Çok mutluydu sonunda Jungkooku görebilecekti ,o parlak gözlere tekrardan uzun süre dalabilecekti bunları düşündükçe havalara uçuyordu.
Şiirini alıp çıkıyordu ki unutmadan nergis çiçeğini de aldı ve sevdiği adamla buluşmak için dağa gitti.
Gittiğinde yine kimse yoktu yine bekleyen o olacaktı olsun beklerdi, Jungkook için gerekirse yıllarca bekleyebilirdi.Biraz zaman geçmişti yoksa Jungkook buluşacağı günü mü unutmuştu ya da ona bir şey mi olmuştu? diye korkmaya başladı . Tam o sırada arkadan bir kadının

"Kim Taehyung siz misiniz?"demesiyle arkasına döndü,gelen kişi tıpkı Jungkookun kopyasıydı ,ona çok benziyordu.

"Evet ben Kim Taehyung'um da peki siz kimsiniz hanımefendi?"dedi.

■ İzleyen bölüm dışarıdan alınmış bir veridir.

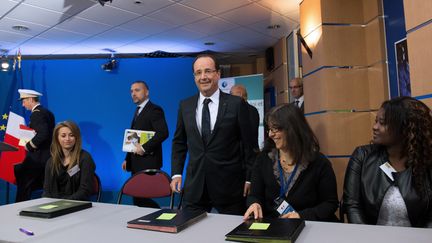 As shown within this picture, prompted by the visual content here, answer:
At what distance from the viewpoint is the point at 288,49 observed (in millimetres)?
5324

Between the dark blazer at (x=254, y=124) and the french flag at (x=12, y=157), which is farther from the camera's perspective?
the french flag at (x=12, y=157)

"Ben burda beklediğiniz Jungkookun annesiyim. Jungkookun dediği gibi çok yakışıklıymışsın, önceki şiirini okumuştum cidden çok güzeldi eline sağlık."dedi.

"Teşekkür ederim hanfendi ama Jungkooka bir şey mi oldu neden o gelmedi, bugün buluşacaktık bir şey mi oldu ona?"diye korkuyla sordu Taehyung

"Hayır bir şey olmadı aslında her şey bu mektupta yazıyor. Jungkook size mektup yazdı."diyerek Taehyung'un eline mektubu verdi ve hızlı adımlarla ayrıldı ordan, Taehyung'un soru sormasına izin bile vermeden gitmişti.

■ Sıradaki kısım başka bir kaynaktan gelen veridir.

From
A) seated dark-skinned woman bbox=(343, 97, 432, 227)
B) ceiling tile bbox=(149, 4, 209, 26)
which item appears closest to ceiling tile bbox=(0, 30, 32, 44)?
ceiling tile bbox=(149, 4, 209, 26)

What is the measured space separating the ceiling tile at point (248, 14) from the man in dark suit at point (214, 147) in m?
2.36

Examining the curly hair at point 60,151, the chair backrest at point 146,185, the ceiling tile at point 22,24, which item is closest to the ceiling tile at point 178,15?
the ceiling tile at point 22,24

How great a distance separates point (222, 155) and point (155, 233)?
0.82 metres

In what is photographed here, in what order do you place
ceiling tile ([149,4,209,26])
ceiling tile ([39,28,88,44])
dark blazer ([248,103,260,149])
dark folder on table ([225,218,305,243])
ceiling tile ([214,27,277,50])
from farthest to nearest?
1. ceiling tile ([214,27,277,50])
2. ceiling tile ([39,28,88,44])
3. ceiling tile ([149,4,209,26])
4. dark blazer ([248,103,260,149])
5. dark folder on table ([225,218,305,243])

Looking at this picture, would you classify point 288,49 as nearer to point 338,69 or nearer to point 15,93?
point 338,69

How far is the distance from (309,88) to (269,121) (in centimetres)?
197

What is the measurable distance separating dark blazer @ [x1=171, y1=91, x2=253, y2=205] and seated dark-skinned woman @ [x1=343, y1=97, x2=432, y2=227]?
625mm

Jungkook onunla buluşmak yerine mektup mu yazmıştı? Taehyung mektubu açtı ve üzerinde kocaman "VEDA MEKTUBU" yazısını görünce yere yığıldı.
"Nasıl yani Jungkook onunla mı vedalaşmıştı,bir daha onu göremeyecek miydi?Onu sevdiğini söyleyemeyecek miydi? Her şey bitmiş miydi?"Sonra mektubu okumaya başladı.

"Sevgili Taehyung'a
Hep seninle olmak, seninle konuşmak, seninin gözlerine uzun süre dalmak isterdim
Fakat olmayacak bir şeyi istediğimden haberim yoktu.
En son buluştuğumuzda duyduğum her şeyin birer kabus olmasını istemiştim ama değildi hepsi gerçekti sen benim düşmanımdın.O gün son buluşmamız olduğunu düşünmüştüm ,bir daha benimle buluşmayacağını sanmıştım ama sen Taehyung aramızdaki bağı koparmadın sana binlerce kez teşekkür ederim tekrardan..
Fakat senin koparmadığın bağı ben koparmak zorundayım ne kadar özür dilesem de beni affetmeyeceğini biliyorum.
Taehyung babam beni yeni bir toprak parçası yüzünden sattı,yarın akşam nişanım var ondan sonra yakın bir zamanda da evleneceğim.Hep sana özgür ol kimseye boyun eğme demiştim şimdi ise ben babama boyun eğiyorum.Şimdi diyeceksin evlenme o zaman Taehyung eğer evlenmezsem babam hesabını annemden sorucak,annemin bir suçu yokken üzülmesine izin veremem.Keşke o son buluşmamız olmasaydı seninle hep buluşsaydık, tıpkı söz verdiğimiz gibi ama yapamam.Taehyung,seni her gördüğümde sana daha çok bağlanıyorum.Kendime bu eziyeti yapamam bu yüzden sana son kez yazıyorum.Hoşcakal, tanıdığım en güzel adam biz birer nergis çiçeği gibi imkansızız...

Taehyung mektubun sonuna geldiğinde kağıt ıp ıslak olmuştu,her okuduğu cümlede döktüğü gözyaşları kağıdı ıslatmıştı.